# Provided data:
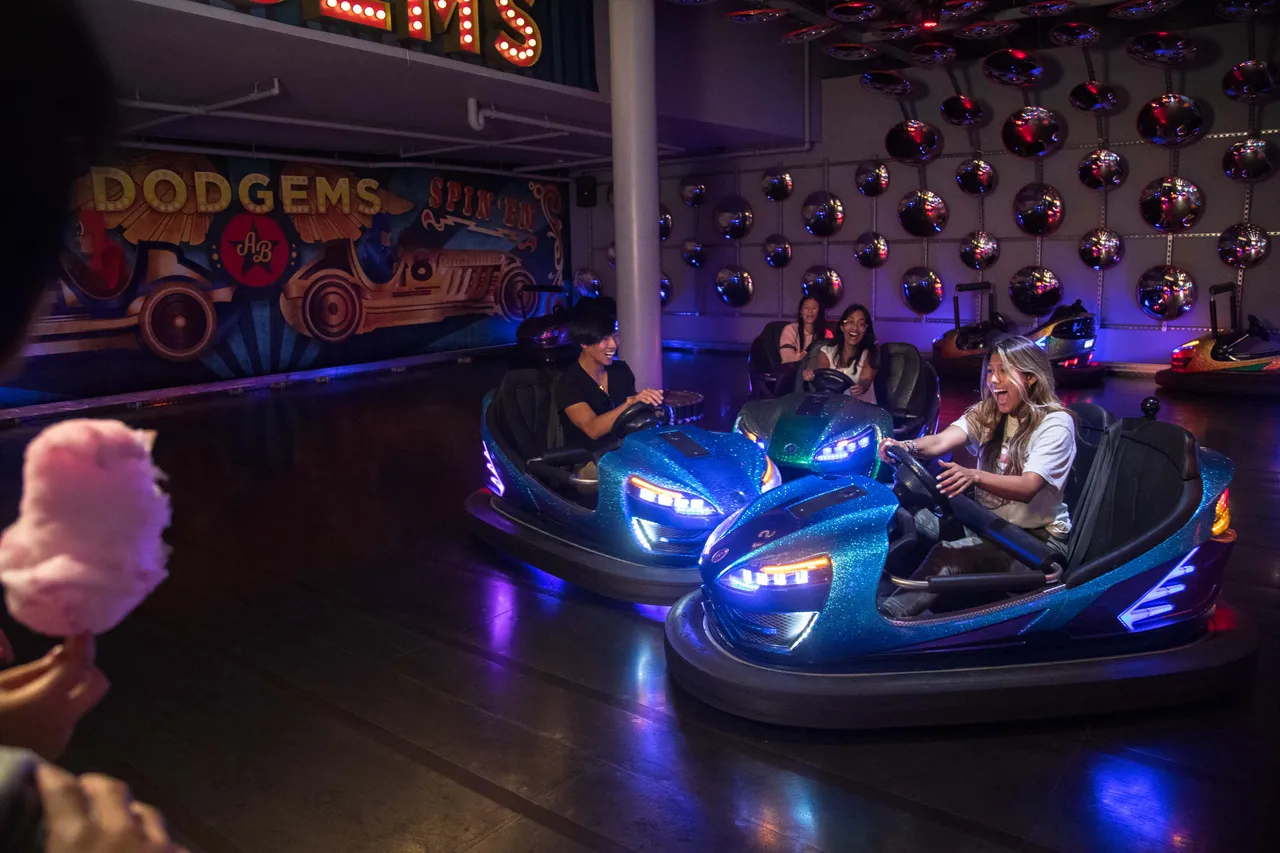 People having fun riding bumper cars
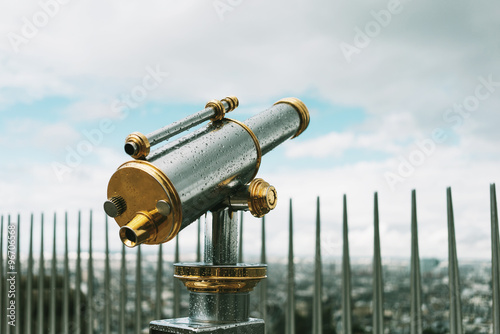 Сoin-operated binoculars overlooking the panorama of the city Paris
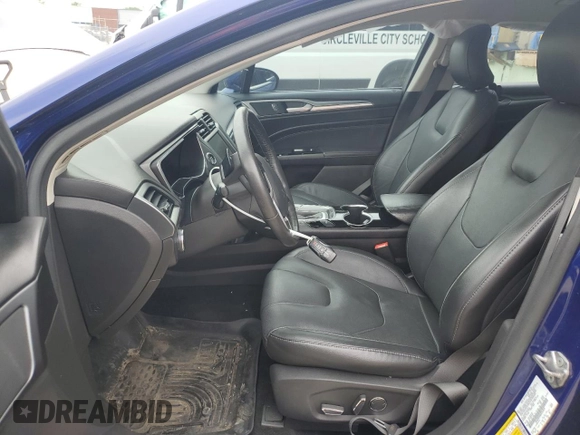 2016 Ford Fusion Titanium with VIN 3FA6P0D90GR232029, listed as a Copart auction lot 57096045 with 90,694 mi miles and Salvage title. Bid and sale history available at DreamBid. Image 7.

# What to do:
When copying the listing, print each line exactly but leave out every picture.

# Task solution:
 People having fun riding bumper cars
 Сoin-operated binoculars overlooking the panorama of the city Paris
 2016 Ford Fusion Titanium with VIN 3FA6P0D90GR232029, listed as a Copart auction lot 57096045 with 90,694 mi miles and Salvage title. Bid and sale history available at DreamBid. Image 7.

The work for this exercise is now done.